● TASK DESCRIPTION
Determine how many lines below contain the word "staining", then state only that figure.

########################################

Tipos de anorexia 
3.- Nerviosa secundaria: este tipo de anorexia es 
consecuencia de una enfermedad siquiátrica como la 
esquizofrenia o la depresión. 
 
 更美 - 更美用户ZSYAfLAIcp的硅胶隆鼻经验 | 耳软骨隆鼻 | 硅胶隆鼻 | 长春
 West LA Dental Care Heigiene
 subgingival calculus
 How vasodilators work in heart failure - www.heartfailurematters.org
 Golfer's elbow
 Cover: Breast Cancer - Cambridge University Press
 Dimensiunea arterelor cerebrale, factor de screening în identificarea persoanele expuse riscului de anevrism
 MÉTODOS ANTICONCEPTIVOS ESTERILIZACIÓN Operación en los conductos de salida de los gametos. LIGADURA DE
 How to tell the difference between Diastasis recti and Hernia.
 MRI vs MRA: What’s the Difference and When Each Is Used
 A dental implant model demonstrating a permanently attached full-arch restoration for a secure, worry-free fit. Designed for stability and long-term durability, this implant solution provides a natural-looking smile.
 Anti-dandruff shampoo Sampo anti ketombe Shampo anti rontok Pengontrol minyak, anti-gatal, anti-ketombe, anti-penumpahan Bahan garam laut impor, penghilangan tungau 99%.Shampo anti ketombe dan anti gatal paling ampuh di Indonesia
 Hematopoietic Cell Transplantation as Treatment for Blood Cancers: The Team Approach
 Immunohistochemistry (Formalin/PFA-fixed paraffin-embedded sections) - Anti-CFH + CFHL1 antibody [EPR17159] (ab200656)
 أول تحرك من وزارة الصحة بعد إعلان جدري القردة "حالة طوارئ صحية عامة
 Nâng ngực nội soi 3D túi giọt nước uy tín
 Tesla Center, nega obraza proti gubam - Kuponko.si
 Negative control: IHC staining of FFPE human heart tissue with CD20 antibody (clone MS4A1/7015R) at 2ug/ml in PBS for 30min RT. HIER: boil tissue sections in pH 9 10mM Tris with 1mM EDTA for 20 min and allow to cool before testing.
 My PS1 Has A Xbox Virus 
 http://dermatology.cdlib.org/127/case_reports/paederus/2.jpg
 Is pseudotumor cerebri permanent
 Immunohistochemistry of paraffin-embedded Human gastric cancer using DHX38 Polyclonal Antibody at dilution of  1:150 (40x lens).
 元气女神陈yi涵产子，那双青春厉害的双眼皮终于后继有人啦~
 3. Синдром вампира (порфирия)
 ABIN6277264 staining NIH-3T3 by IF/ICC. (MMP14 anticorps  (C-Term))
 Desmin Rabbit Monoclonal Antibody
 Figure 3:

########################################

● WRITTEN RESPONSE
2